Saison 1
En à peine six mois, la plateforme de VOD Netflix s'est classée comme l'un des piliers de la production de séries TV : amorcée par l'indéniable réussite House of Cards, la série de Fincher sera suivie par celle de Eli Roth Hemlock Grove qui a globalement reçu un accueil mitigé, mais sorti en parallèle de la quatrième saison de Arrested Development, près de sept ans après, grande réussite elle aussi. Alors qu'on attends Narcos (série sur Pablo Escobar) et Sense8 (la série de sci-fi des Wachowski) pour l'année prochaine, cet été 2013 a vu la diffusion de Orange is the New Black, nouvelle série de Jenji Kohan, créatrice de Weeds, qui suit l'histoire vraie (adaptée du livre réel du personnage principal) d'une jeune femme envoyée dans une prison féminine, et de son année dans le quotidien carcéral.

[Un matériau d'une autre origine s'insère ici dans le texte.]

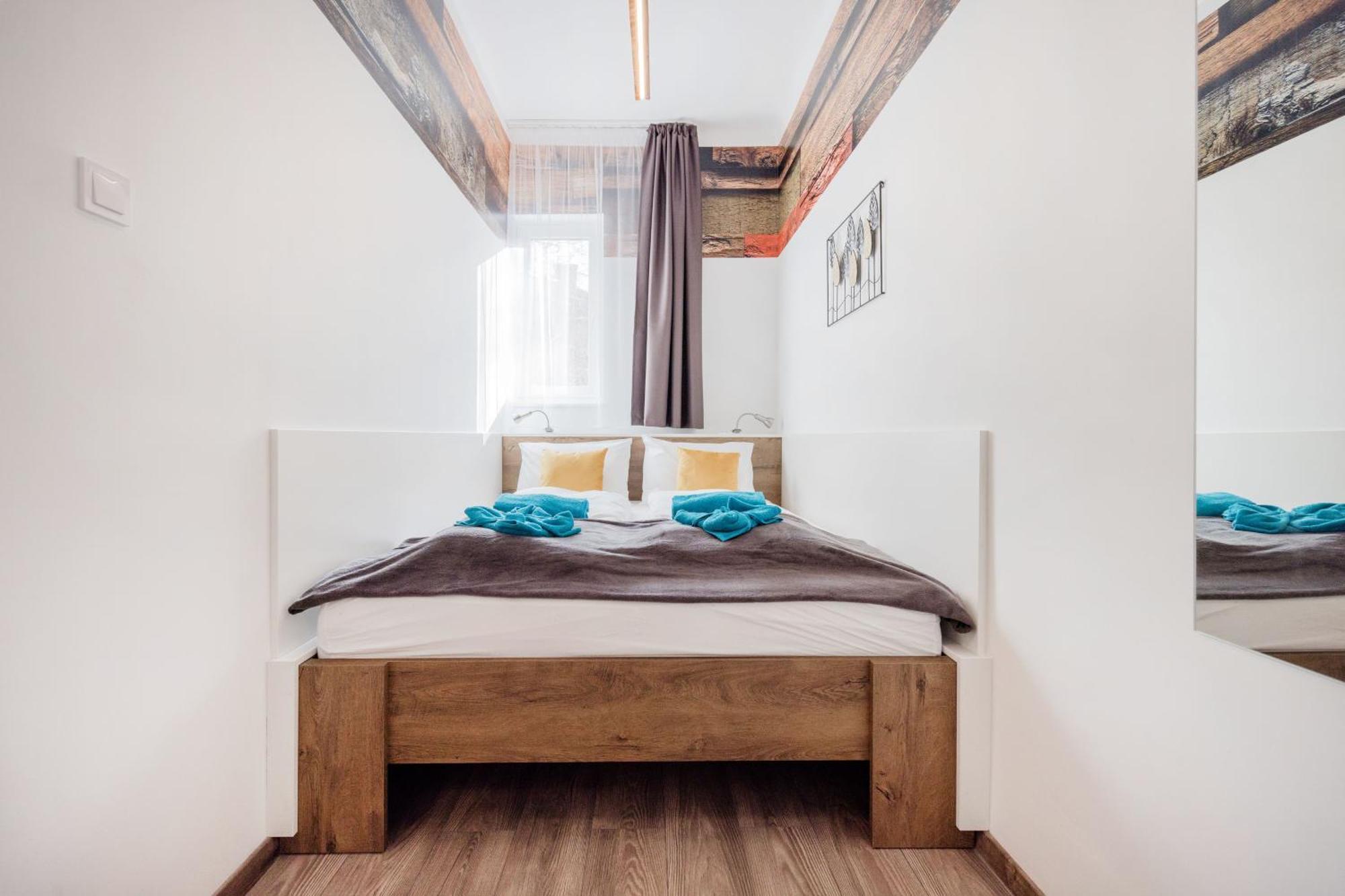 Elemental Retreats - Wood & Water Apartment *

D'ors et déjà : Orange is the New Black n'a rien d'un Oz, et encore moins de rapport avec un Prison Break. La série est une comédie dramatique et en reprend les codes - humour léger, scènes teintées de drame de temps en temps, mais surtout souvent un aspect feel good movie loin d'être déplaisant. C'est super bien interprété par l'intégralité du casting, mais surtout, le plus important, les personnages, avec qui on est 24/24, sont clairement de grandes réussites. La plupart inspirés de personnages réels (puisque adapté d'un livre autobiographique) et ça se ressent : chacun a son histoire, sa personnalité, et si on a le droit à quelques clichés, ils sont toujours teintés et on les oublie assez rapidement.

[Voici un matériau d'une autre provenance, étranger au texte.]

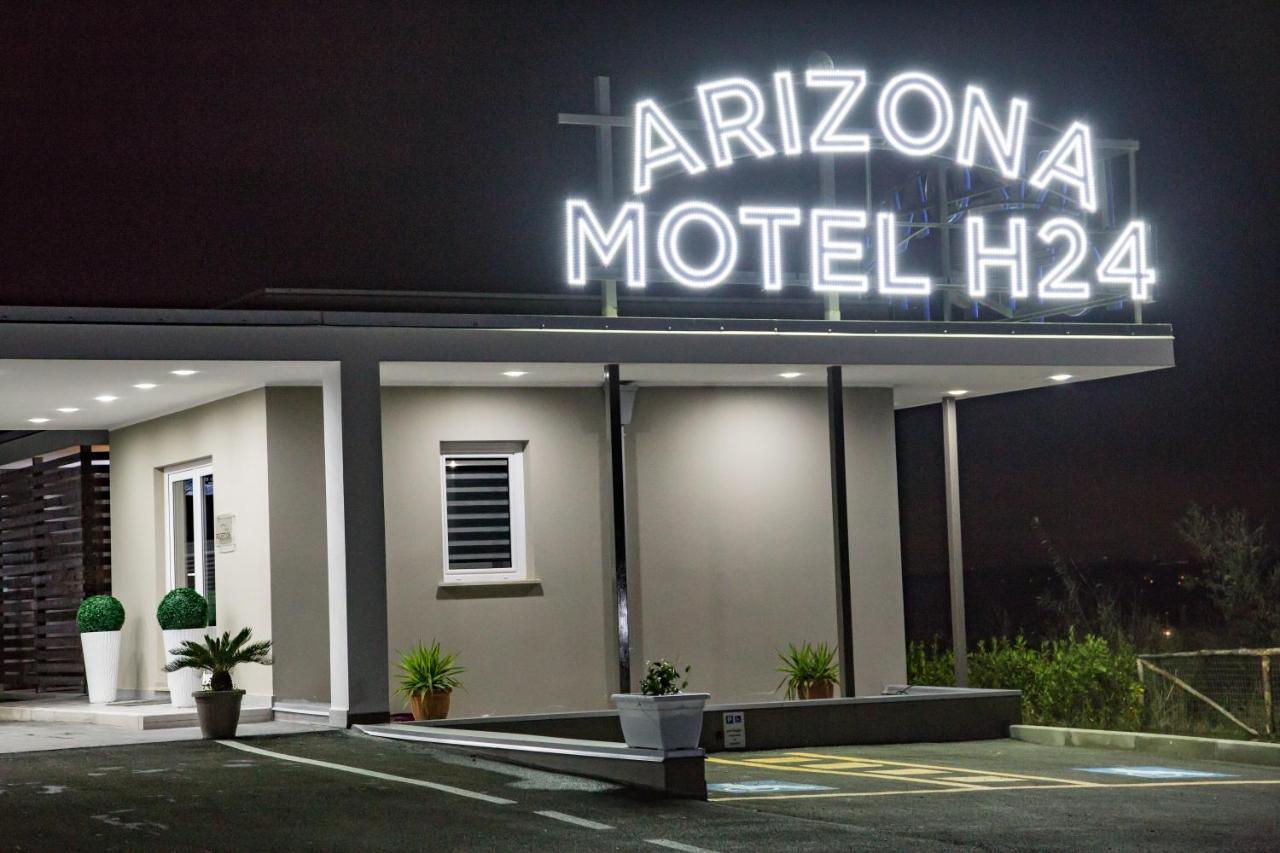 Arizona Motel Castel Volturno Extérieur photo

C'est super bien écrit : les dialogues fusent, y a très rarement une scène inutile et on a jamais l'impression d'avoir affaire à un bête remplissage (le format de Netflix exclu cette possibilité), et il faut dire que c'est tellement bien construit que les épisodes s'enchaînent sans pause, on se prend à regarder à la suite trois, voir quatre épisodes sans ressentir le besoin de sortir de la prison de Litchfield. Y a une réelle créativité tant dans l'aspect "comique" que dans l'aspect plus tragique (et des flashbacks, notamment ceux de Janae Watson - la championne d'athlétisme, qui hérite de probablement l'un des meilleurs épisodes de la saison - et Miss Claudette - qui se classe automatiquement comme mon personnage favori du show).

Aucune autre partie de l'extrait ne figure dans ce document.